### What needs to be done
From the entries below, print exactly the span beginning with the line holding "Cargar imagen en" and ending with the line holding "Volkswagen Golf - 13", endpoints included, and skip any pictures.

::: Study material

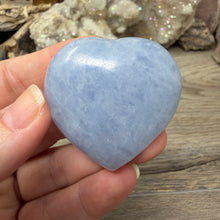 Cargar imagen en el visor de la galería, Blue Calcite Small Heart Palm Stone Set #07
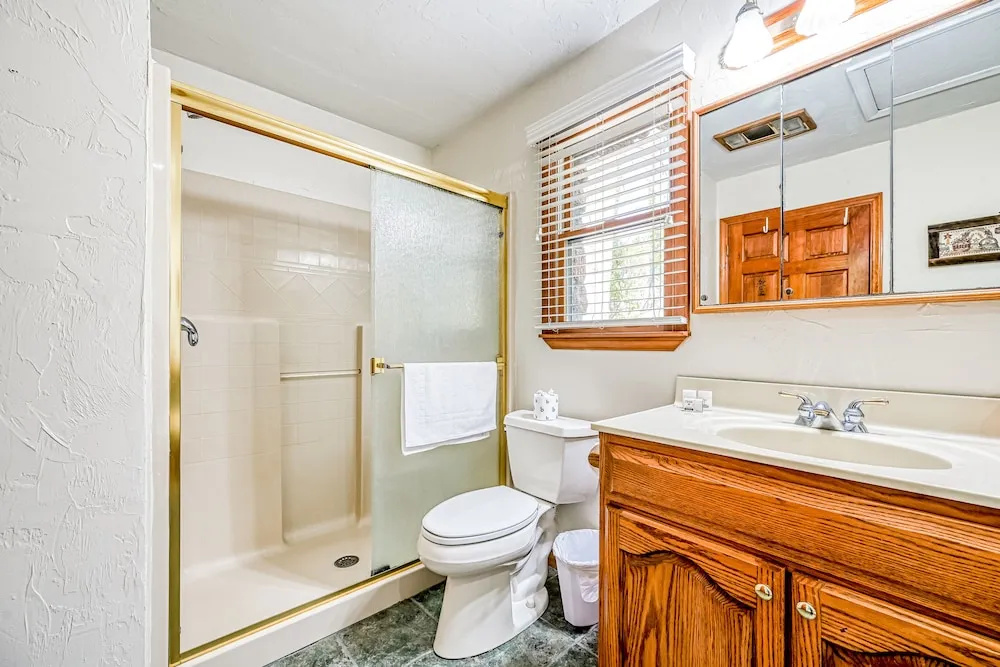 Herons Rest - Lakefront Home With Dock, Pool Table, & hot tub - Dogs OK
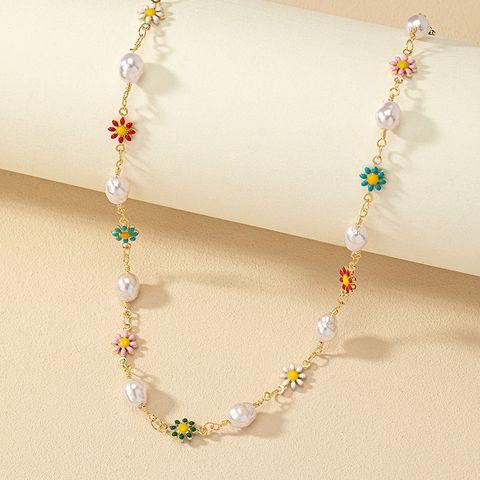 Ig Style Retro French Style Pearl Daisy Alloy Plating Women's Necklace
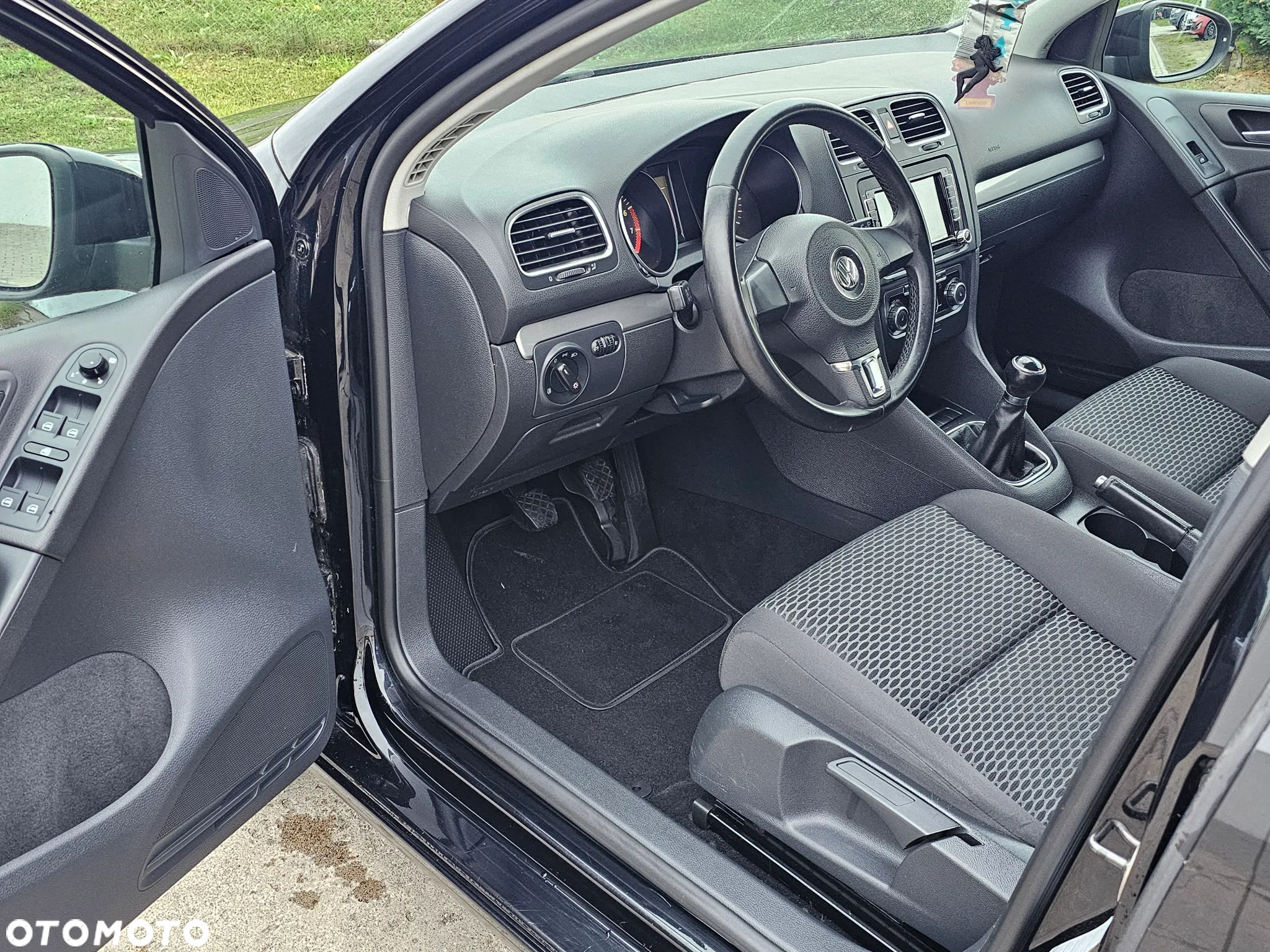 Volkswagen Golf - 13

::::::
::: Study material

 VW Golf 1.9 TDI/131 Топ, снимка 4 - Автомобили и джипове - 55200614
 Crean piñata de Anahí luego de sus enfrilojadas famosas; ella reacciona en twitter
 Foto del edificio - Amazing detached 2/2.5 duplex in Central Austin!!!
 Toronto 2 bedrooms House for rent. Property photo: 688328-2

::::::

### Response box
 Cargar imagen en el visor de la galería, Blue Calcite Small Heart Palm Stone Set #07
 Herons Rest - Lakefront Home With Dock, Pool Table, & hot tub - Dogs OK
 Ig Style Retro French Style Pearl Daisy Alloy Plating Women's Necklace
 Volkswagen Golf - 13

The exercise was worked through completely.